*Supplied information*

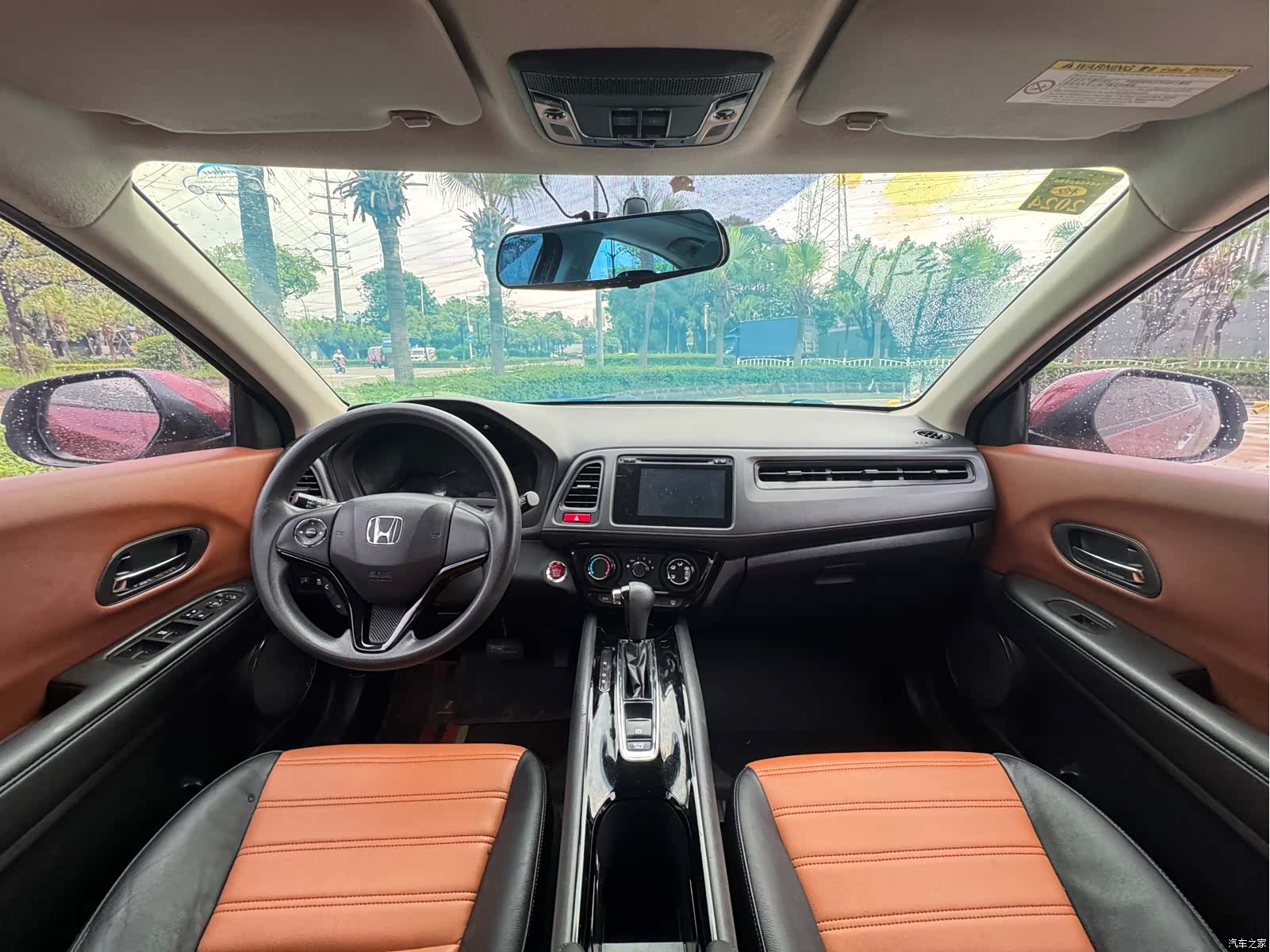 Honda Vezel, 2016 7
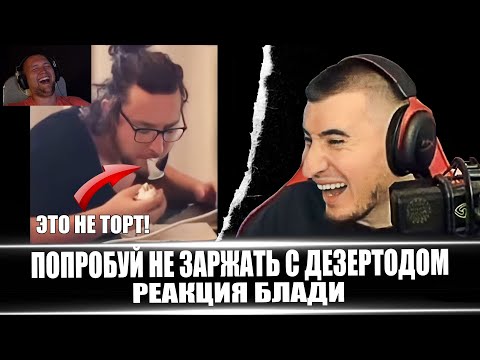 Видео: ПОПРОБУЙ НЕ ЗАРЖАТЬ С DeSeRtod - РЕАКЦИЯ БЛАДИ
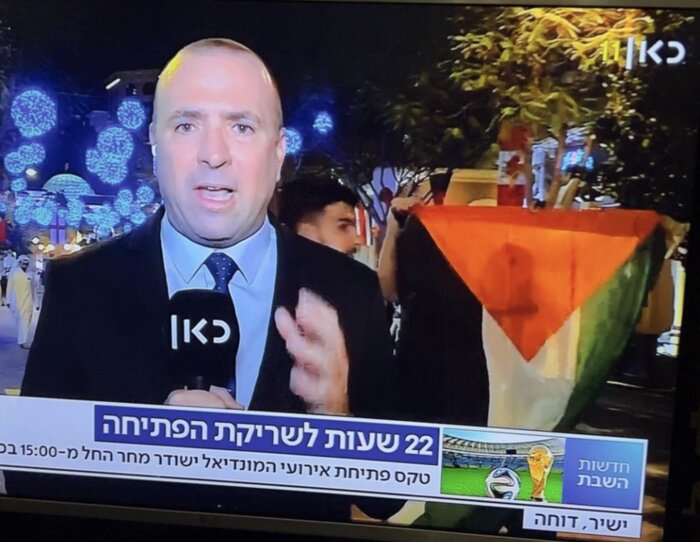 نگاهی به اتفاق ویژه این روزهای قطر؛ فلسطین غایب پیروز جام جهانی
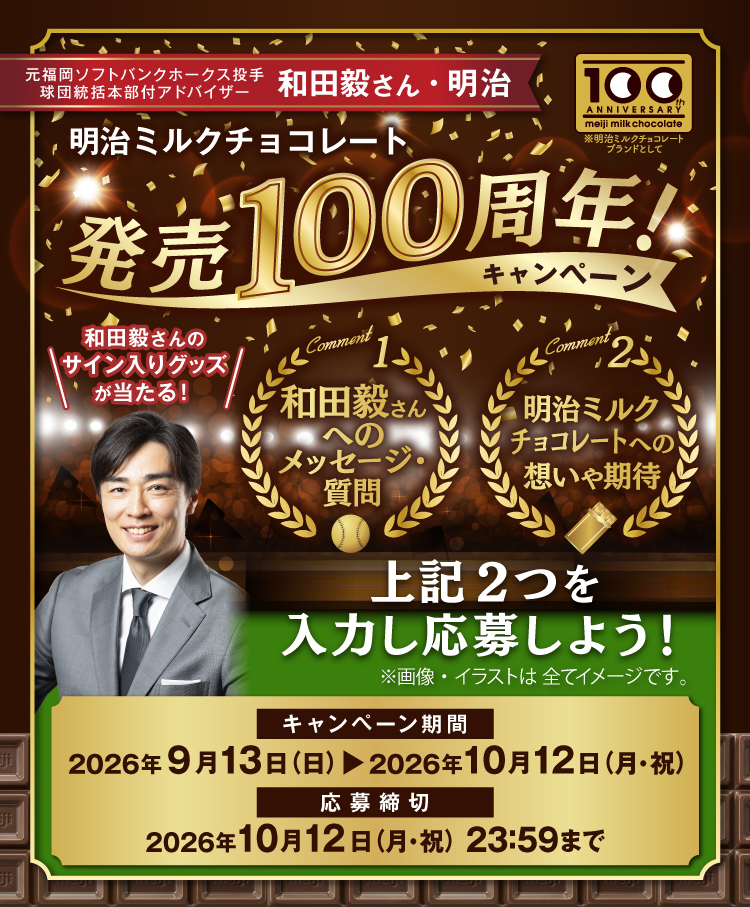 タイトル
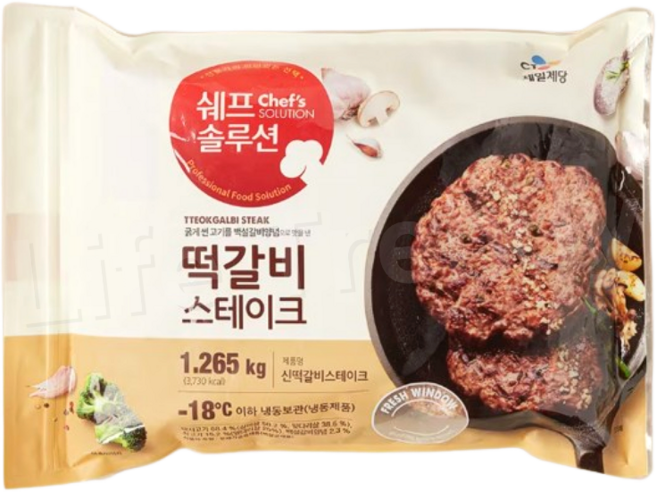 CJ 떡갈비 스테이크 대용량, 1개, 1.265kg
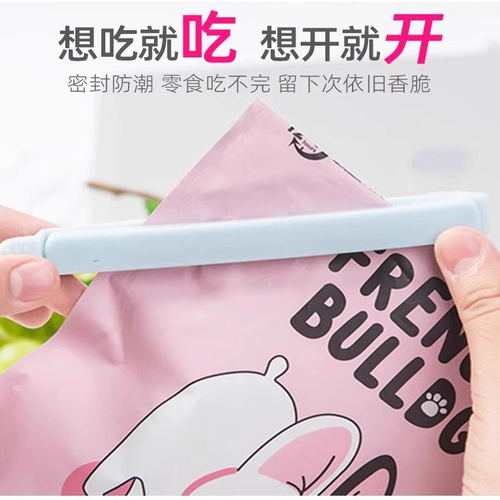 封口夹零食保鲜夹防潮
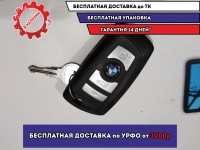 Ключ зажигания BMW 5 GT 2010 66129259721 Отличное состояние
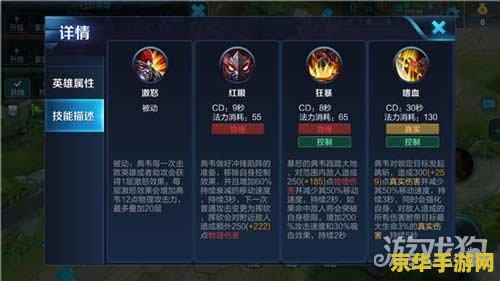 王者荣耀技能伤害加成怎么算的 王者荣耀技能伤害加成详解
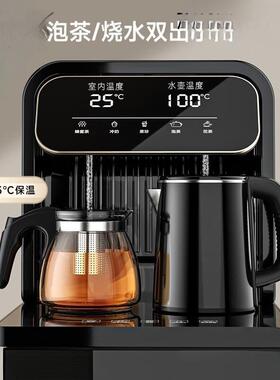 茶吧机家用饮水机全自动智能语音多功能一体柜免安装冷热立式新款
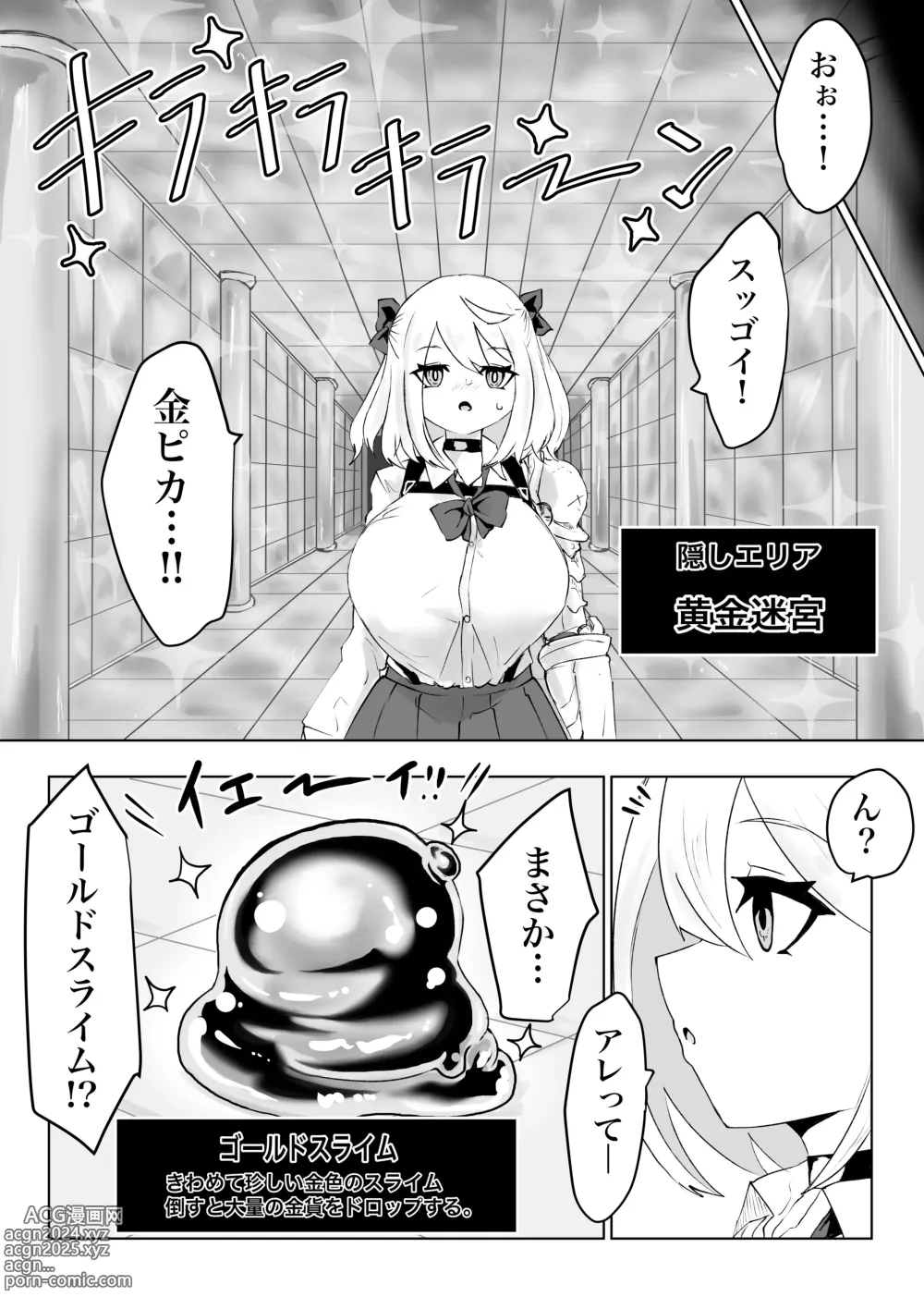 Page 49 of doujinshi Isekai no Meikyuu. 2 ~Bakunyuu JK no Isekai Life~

*Your task*
What the task needs is the material above repeated exactly, pictures excepted.

*Answer for this exercise*
 Honda Vezel, 2016 7
 Видео: ПОПРОБУЙ НЕ ЗАРЖАТЬ С DeSeRtod - РЕАКЦИЯ БЛАДИ
 نگاهی به اتفاق ویژه این روزهای قطر؛ فلسطین غایب پیروز جام جهانی
 タイトル
 CJ 떡갈비 스테이크 대용량, 1개, 1.265kg
 封口夹零食保鲜夹防潮
 Ключ зажигания BMW 5 GT 2010 66129259721 Отличное состояние
 王者荣耀技能伤害加成怎么算的 王者荣耀技能伤害加成详解
 茶吧机家用饮水机全自动智能语音多功能一体柜免安装冷热立式新款
 Page 49 of doujinshi Isekai no Meikyuu. 2 ~Bakunyuu JK no Isekai Life~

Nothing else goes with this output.